DETROIT - You can’t see it, smell it, or taste it -- but it can be deadly when you breathe it in.
More than 500 people die from carbon monoxide poisoning each year in the United States and we’ve seen plenty of cases here in Metro Detroit.
The Canton Fire Department goes on more than 100 runs a year, mostly addressing concerns from residents, but a small percentage of those calls are serious carbon monoxide issues.
This made their firehouse a perfect place to test CO detectors.
It’s also Consumers Energy’s Carbon Monoxide Awareness week, so they were more than happy to help us.
The detectors we tested:
- The Code One Alarm - $20.
- BRK Smoke and CO Alarm - $30
- Kidde Alarm with a 10-year maintenance free guarantee - $40.
With a firefighter all suited up and a generator running in the corner of a room, we wanted to know how long it would take for each alarm to detect carbon monoxide.
The first test: heading in with the device the firefighters use when called onto a scene. Their device went off right away, before any alarm could. That’s normal. Their device even gives a specific number, measuring the levels of CO.
Next, we set up our alarms and waited.
- The Code One Alarm – 13 minutes
- BRK Smoke and CO Alarm – 17 minutes
- Kidde Alarm with a 10-year maintenance free guarantee – 19 minutes
We asked Deputy Chief Jamie Strassner if that’s a normal reaction time for the detectors. He explained that because we were in a small, but ventilated area, this time was normal. He said this would be similar to a home setup.
“It’s a buildup over a period of time.” He said, “When the alarm sounds, it’s time to call 911.”
He says it’s important to be able to put two and two together. If you start experiencing nausea, headaches, and dizziness inside the home, but when you leave you feel fine…that means you should look for a leak.
Consumers Energy makes it a point to educate people on carbon monoxide.
Check out safety tips straight from the company here.
Debra Dodd said, “The three biggest months that we see carbon monoxide are December, January and February. Which makes sense because that’s when you’re running your furnace the most and is the biggest producer of CO if it isn’t working properly.”
There’s a lot of ways CO poisoning can happen:
- Malfunctioning or misused gasoline-burning appliances; furnace, water heater, non-electric kitchen range, stove used for heat, space heater, grill, etc.
- Portable generators; they should be used 25 feet away from your home.
- Tools and Equipment; lawn mowers, snowblowers, chain saws, and pressure-washers, etc. Never start or operate these devices in an enclosed space such as a garage.
- Vehicles; running a car in your garage even if the door is open is not a good idea.
- Chimneys; Debra suggests that you take a look outside and look for leaves or animal nests that might block an opening.

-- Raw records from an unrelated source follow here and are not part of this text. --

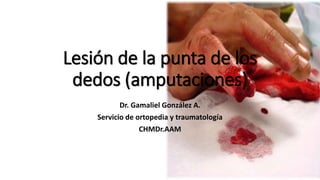 Lesión de la punta de los 
dedos (amputaciones) 
Dr. Gamaliel González A. 
Servicio de ortopedia y traumatología 
CHMDr.AAM 
 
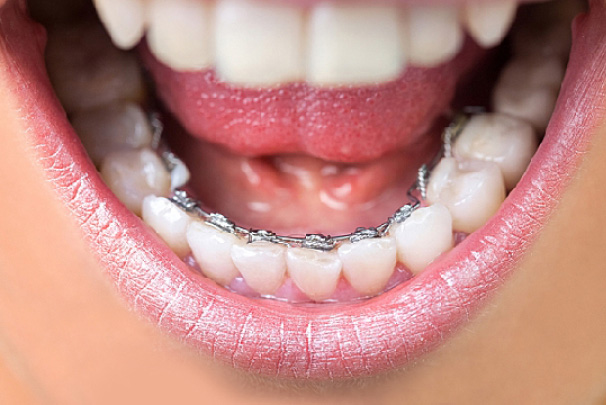 lingual braces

It might sound obvious, but even if there’s a leak you don’t see -- having a detector is important, no matter how inexpensive -- as long as it works.

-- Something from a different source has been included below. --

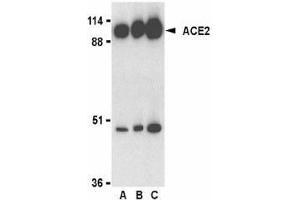 Western blot analysis of ACE2 in human kidney lysate with AP30007PU-N ACE2 antibody at 0. (ACE2 anticorps  (C-Term))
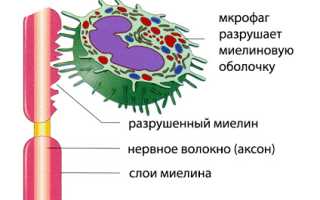 Демиелинизация: понятие, как развивается, обзор демиелинизирующих заболеваний, лечение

Deputy Chief Strassner says it’s important to understand the detector you have. Some are designed to alert at a different setting of CO in your home. If you pop off the cover, it will also give you the manufacturer’s recommended date as to when the detector is no longer useful. (Helpful hint: He says that if you read the sticker, it will also give you information as to why you might be hearing chirping from the detector. It could be as simple as replacing the batteries!)
In the end, having a detector in your home could save your life. And there’s no price you can put on your life and the lives of your family members.